- Location: Masosi neighborhood, Oicha, North Kivu, Democratic Republic of the Congo
- Date: October 23, 2023 11pm
- Target: Civilians
- Weapon: Machetes
- Deaths: 26+
- Injured: 60+
- Perpetrator: ISCAP
- Defender: FARDC
- Motive: Reprisal for FARDC bombing of ISCAP camps in the Tingwe forest

= October 2023 Oicha massacre =

On the night of October 23, 2023, militants from the Islamic State – Central Africa Province (ISCAP) attacked the outskirts of the town of Oicha, North Kivu, Democratic Republic of the Congo, killing 26 civilians and injuring 60 more.

== Background ==
Oicha and surrounding villages have been a hub of activity of the Ugandan militant group Allied Democratic Forces, who pledged allegiance to the Islamic State in 2017 to become the Islamic State - Central Africa Province (ISCAP). The group has routinely massacred civilians, usually Christians, in massacres around the town and on it's outskirts, as in the January 2020 Oicha massacres. Prior to the massacre, Congolese forces had bombed ISCAP camps in the Tingwe forest outside Oicha.

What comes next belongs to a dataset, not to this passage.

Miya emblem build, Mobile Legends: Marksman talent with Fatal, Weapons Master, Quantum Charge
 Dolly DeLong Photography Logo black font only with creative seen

The Congolese army had received information on October 23 about ISCAP seeking to conduct a reprisal attack inside Oicha for the bombing, and Congolese officers even met in Oicha hours before the massacre discussing this possibility. According to Operation Sukola I spokesman Anthony Mwalushayi, "as [unit commanders] were speaking, the enemy already had vehicles in the town of Oicha thanks to their collaborators who were already in the town."

== Massacre ==
At about 11pm on the night of October 23, three groups of ISCAP militants entered the Masosi neighborhood on the outskirts of Oicha. The militants began slaughtering civilians with machetes instead of guns so as to not arouse the army. The first group of militants was dispatched to prevent military intervention in the massacre, the second to loot civilian stores, and the third to kill civilians. At least 26 people were killed in the massacre, including twelve children, and another sixty were injured. Several homes of entire families were wiped out by the jihadists. The Congolese army did end up responding to the attack, but Mwalushayi said that it was too late.

The following day, protests broke out in Oicha as the bodies of the victims were being taken to the town's morgue. Four vehicles at a World Food Programme food distribution event were burned by the protesters.